Aşkı yazmanın en büyük zorluklarından biri, ona belirli bir sınır koymak gerekliliğidir. Antik Yunan’da bir tür dostluk, yurttaşlık görevi olarak görülen, ama sonrasında eros’laşan bir aşkın varlığından söz edilebilir.[2] Roma’da ise anlaşmaya bağlı, birbirini umursama üzerine kurulu olan ama nihai olarak imparatorluğa hizmet ettiği ölçüde değerli olan bir aşktan bahsedilir.[3] Dolayısıyla, her kültür kendi anlatısallığını inşa ederek, aşka ve âşık olmaya dair çeşitli kurallar ve belirlemeler getirmiştir. Bu bağlamda aşkı, tüm insanlığın kalbini hızlandıran ve dizlerinin bağını çözen bir duygu olarak ele almanın imkânsızlığı açıkça görünür. Aşkın fizyolojik veya psikolojik boyuttaki benzerlikleri, kültürel dinamikler karşısında silikleşerek, genel bir kavramsallaştırmaya izin vermeye yetmez. Yapılacak şey, aşkın bir meydan okuma olarak, zamanla, mekânla ve insanın kendisiyle olan ilişkisinin kavramsal çerçevesini çizmekten ibaret olacaktır.

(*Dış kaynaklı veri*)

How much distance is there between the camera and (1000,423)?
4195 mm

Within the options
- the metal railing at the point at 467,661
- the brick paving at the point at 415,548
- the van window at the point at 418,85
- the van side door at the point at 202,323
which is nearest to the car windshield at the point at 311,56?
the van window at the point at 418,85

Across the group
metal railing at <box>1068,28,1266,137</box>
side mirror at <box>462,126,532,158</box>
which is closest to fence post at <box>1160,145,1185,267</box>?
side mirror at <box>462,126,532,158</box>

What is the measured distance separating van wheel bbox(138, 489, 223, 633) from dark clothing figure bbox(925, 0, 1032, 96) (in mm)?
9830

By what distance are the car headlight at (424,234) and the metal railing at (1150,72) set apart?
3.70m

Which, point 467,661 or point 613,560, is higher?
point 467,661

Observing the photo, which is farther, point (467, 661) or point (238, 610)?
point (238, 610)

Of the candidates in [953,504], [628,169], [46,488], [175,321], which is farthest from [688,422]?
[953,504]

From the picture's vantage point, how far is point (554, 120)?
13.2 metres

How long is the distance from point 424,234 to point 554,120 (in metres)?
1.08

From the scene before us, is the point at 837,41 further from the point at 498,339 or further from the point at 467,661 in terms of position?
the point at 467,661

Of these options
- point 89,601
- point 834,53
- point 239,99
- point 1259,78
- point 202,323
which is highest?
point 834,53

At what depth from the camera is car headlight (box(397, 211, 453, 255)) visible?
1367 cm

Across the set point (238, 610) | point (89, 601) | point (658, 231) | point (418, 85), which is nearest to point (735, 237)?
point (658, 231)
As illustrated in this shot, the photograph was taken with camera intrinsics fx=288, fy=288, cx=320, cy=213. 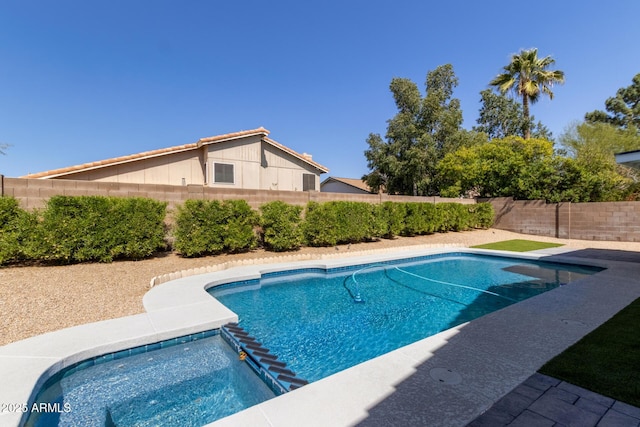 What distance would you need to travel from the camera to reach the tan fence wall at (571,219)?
54.4 feet

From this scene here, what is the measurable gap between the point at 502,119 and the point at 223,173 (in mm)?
30148

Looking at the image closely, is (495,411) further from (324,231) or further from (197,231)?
(324,231)

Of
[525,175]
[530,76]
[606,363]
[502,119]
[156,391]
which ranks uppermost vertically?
[530,76]

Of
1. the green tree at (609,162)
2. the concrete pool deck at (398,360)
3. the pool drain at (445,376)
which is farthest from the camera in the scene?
the green tree at (609,162)

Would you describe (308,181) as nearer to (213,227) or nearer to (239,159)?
(239,159)

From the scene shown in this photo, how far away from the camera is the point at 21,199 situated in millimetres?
8289

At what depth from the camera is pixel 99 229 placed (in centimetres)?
869

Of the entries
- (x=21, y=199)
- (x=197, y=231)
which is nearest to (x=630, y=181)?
(x=197, y=231)

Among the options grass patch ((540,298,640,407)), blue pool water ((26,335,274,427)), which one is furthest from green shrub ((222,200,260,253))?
grass patch ((540,298,640,407))

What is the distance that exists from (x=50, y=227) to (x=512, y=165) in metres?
25.9

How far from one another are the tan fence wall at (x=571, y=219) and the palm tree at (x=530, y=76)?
33.6ft

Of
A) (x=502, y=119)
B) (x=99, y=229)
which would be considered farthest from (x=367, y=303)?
(x=502, y=119)

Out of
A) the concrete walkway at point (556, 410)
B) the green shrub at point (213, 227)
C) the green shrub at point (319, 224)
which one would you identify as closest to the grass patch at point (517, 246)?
the green shrub at point (319, 224)

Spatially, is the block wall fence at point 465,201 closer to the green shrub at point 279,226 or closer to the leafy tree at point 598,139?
the green shrub at point 279,226
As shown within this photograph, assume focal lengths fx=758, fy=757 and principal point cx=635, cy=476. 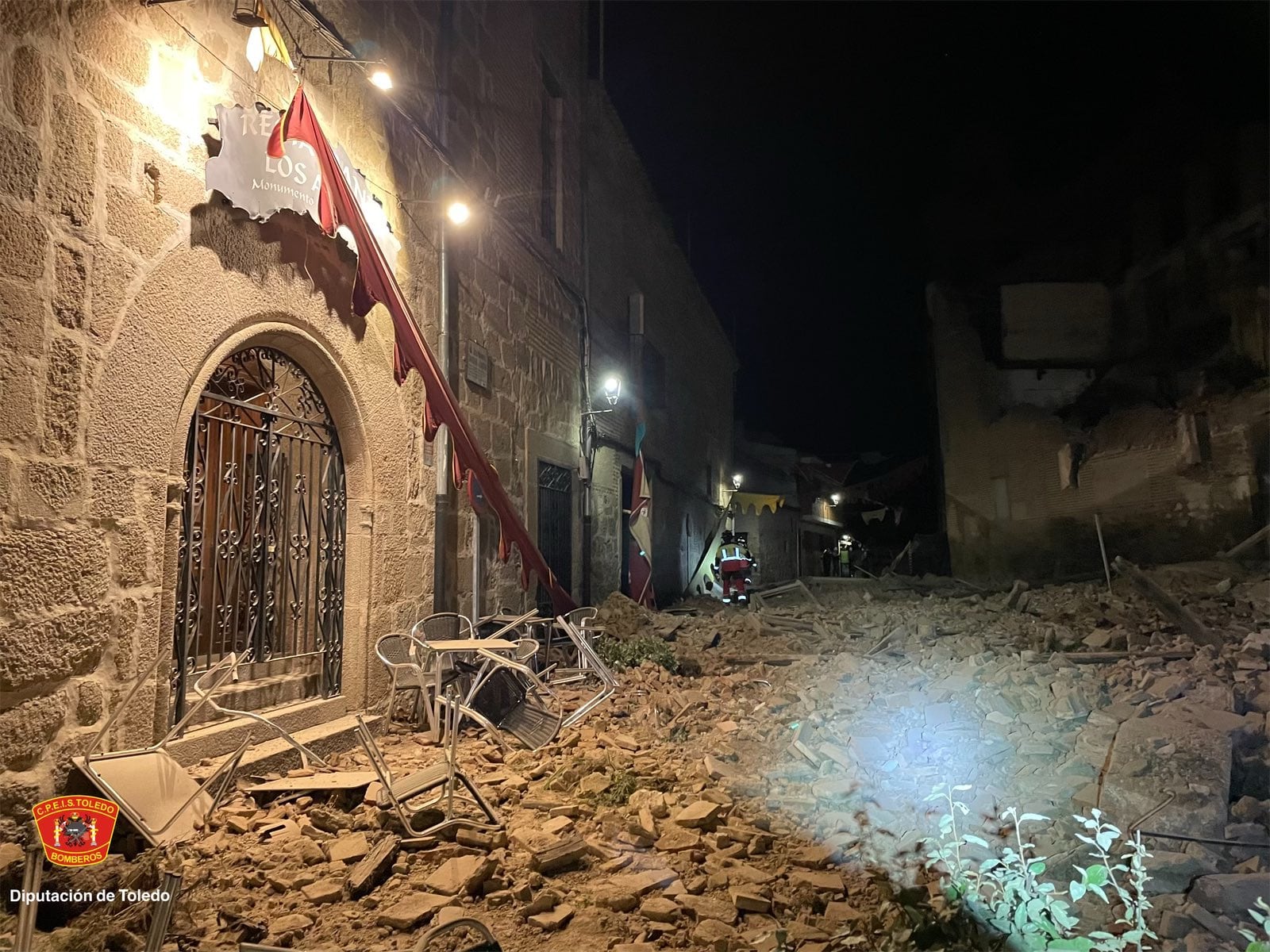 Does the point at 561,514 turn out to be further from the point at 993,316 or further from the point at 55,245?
the point at 993,316

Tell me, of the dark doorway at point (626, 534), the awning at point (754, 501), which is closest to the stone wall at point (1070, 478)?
the awning at point (754, 501)

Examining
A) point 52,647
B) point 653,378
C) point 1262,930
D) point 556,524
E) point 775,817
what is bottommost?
point 1262,930

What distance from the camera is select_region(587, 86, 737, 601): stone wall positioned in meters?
11.4

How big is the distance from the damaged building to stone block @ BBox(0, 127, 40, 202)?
14.8 metres

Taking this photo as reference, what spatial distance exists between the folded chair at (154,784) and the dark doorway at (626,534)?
27.7 ft

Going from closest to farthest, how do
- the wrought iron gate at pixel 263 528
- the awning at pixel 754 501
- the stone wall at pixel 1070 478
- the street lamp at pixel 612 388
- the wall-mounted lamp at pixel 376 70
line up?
1. the wrought iron gate at pixel 263 528
2. the wall-mounted lamp at pixel 376 70
3. the street lamp at pixel 612 388
4. the stone wall at pixel 1070 478
5. the awning at pixel 754 501

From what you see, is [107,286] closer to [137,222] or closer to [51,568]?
[137,222]

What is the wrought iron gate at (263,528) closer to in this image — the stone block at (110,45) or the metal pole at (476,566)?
the stone block at (110,45)

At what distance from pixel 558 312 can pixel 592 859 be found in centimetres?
731

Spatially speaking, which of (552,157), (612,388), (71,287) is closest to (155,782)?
(71,287)

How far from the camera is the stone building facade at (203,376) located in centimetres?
306

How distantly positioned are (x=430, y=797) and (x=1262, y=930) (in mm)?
3476

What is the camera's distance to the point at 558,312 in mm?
9531

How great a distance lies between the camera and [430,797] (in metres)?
3.76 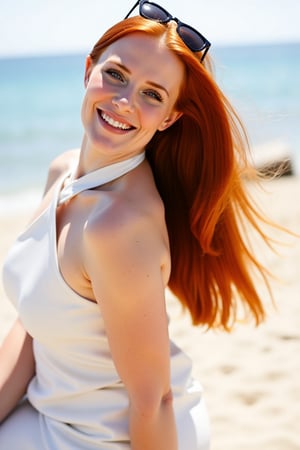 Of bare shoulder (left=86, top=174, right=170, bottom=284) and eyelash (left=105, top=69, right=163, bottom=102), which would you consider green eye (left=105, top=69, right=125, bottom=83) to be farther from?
bare shoulder (left=86, top=174, right=170, bottom=284)

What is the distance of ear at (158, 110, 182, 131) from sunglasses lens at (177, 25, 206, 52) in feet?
0.75

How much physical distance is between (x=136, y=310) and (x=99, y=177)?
51cm

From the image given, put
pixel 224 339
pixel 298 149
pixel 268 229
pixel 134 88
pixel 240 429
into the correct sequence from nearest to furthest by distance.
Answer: pixel 134 88
pixel 240 429
pixel 224 339
pixel 268 229
pixel 298 149

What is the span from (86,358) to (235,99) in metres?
1.07

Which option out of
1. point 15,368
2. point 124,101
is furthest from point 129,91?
point 15,368

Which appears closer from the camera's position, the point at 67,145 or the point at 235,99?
the point at 235,99

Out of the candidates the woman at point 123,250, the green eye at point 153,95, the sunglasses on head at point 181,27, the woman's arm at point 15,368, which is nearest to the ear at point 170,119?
the woman at point 123,250

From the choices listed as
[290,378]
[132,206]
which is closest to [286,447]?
[290,378]

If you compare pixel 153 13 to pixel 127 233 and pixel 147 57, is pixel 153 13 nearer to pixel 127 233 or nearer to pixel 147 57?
pixel 147 57

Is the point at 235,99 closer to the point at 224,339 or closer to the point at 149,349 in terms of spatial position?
the point at 149,349

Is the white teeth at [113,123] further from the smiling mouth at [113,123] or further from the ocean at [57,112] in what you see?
the ocean at [57,112]

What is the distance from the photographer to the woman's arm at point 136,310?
6.83 ft

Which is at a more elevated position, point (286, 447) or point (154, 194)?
point (154, 194)

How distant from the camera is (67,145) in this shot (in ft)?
60.1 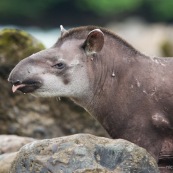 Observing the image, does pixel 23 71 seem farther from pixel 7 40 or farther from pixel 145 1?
pixel 145 1

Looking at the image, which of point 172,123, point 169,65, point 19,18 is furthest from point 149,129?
point 19,18

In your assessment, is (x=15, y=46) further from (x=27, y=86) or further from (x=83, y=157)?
(x=83, y=157)

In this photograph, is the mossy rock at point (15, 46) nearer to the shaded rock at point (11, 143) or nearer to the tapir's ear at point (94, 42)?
the shaded rock at point (11, 143)

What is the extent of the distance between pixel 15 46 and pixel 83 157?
15.9ft

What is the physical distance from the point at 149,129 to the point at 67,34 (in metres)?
1.32

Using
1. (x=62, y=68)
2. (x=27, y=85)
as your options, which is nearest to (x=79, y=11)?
(x=62, y=68)

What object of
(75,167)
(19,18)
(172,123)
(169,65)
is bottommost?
→ (75,167)

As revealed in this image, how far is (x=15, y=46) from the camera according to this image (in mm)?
12594

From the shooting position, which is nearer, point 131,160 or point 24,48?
point 131,160

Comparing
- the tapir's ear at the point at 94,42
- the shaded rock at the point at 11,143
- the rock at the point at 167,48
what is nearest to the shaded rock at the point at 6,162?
the shaded rock at the point at 11,143

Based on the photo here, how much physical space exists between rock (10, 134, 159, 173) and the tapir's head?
2.64ft

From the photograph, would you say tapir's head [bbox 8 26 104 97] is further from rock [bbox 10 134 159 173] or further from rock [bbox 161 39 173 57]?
rock [bbox 161 39 173 57]

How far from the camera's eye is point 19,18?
4878cm

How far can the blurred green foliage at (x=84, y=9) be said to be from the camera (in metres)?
49.0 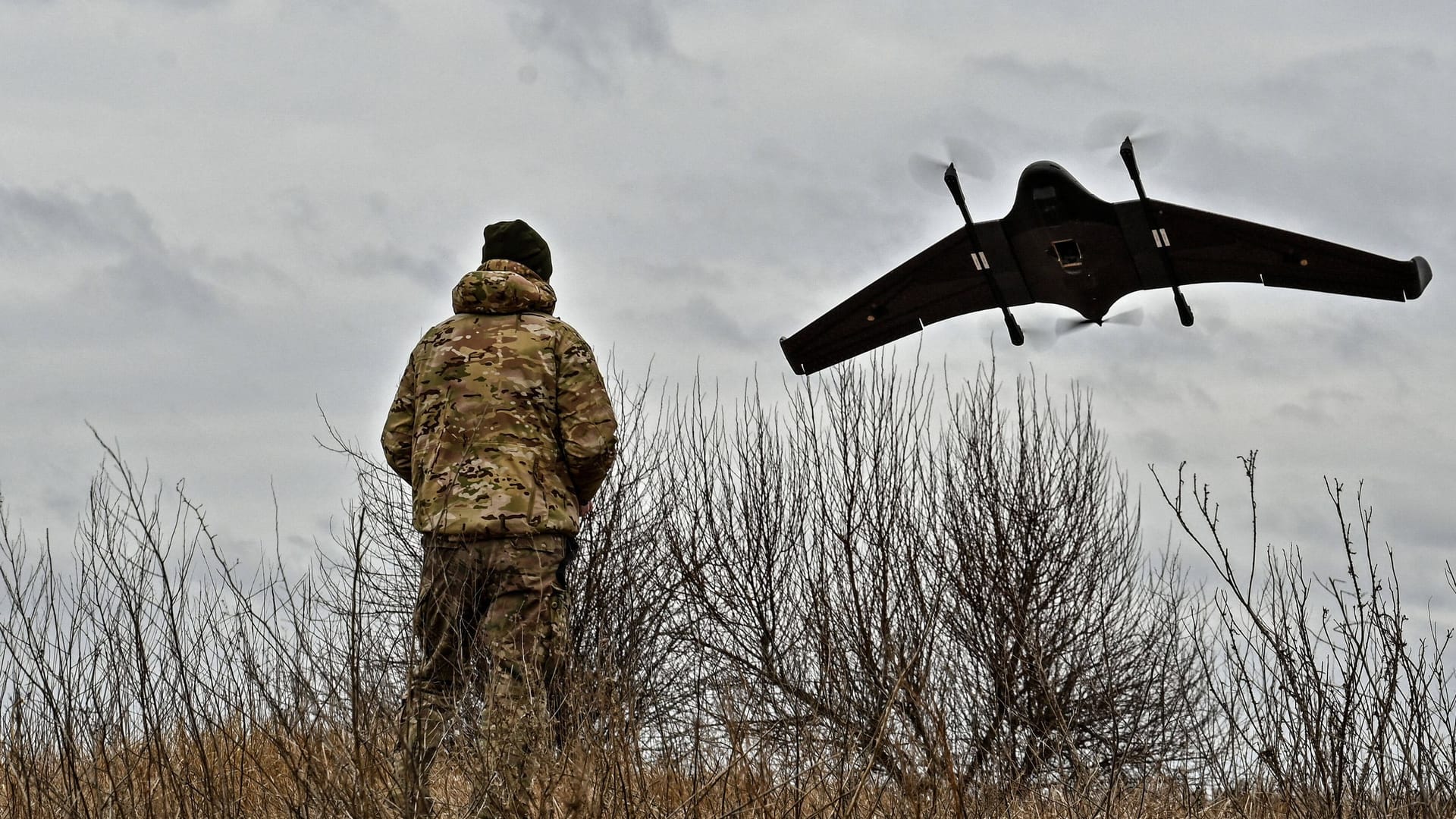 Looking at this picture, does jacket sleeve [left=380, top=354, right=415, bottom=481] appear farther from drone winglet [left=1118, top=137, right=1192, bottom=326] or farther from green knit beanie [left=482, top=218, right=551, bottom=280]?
drone winglet [left=1118, top=137, right=1192, bottom=326]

Aşk, sonuçları bakımından hiçbir zaman iyileştirici olmamasıyla ünlüdür. Ancak gerçekten de iyileştirici olma vaadini kendisinde taşır.[4] Bu sebepten, aşkı tamamen bir yaralanma biçimi olarak anlamak doğru olmayacaktır; çünkü aşk bir insanın içinde uyandığında, iyileşme vaadiyle ayakta kalır ve yeşerir. Bu aldanış, aşkın en net göstergelerinden biridir. Aşk hem korkutucu hem de aynı oranda önem görendir. Böylece, bir iyileşme biçimi olarak yaralanmak, bu zıtlıkları ve aldanışları da içerdiğinden, aşkın kavramsal temelinde olmaya hak kazanır. Suratında geniş bir gülümsemeyle âşık olduğu kişiyi -iyileştirileceği kişiyi- düşünen birisini, köşede sinsice bekleyen yaralanma görüp güler. Burada, aşkın meydan okuyucu bir özelliği ortaya çıkar. İyileşmeyi umarak, bizzat yaralanmanın kendisine meydan okuyuş vardır. Umudunun boşa çıkacağını bilmez. Ancak bilse de yani her şey âşığın aleyhinde işliyorsa, yaralanması, umutsuzluğa düşmesi, kasvetle dolması kesin olsa bile, âşık yoluna devam edecektir.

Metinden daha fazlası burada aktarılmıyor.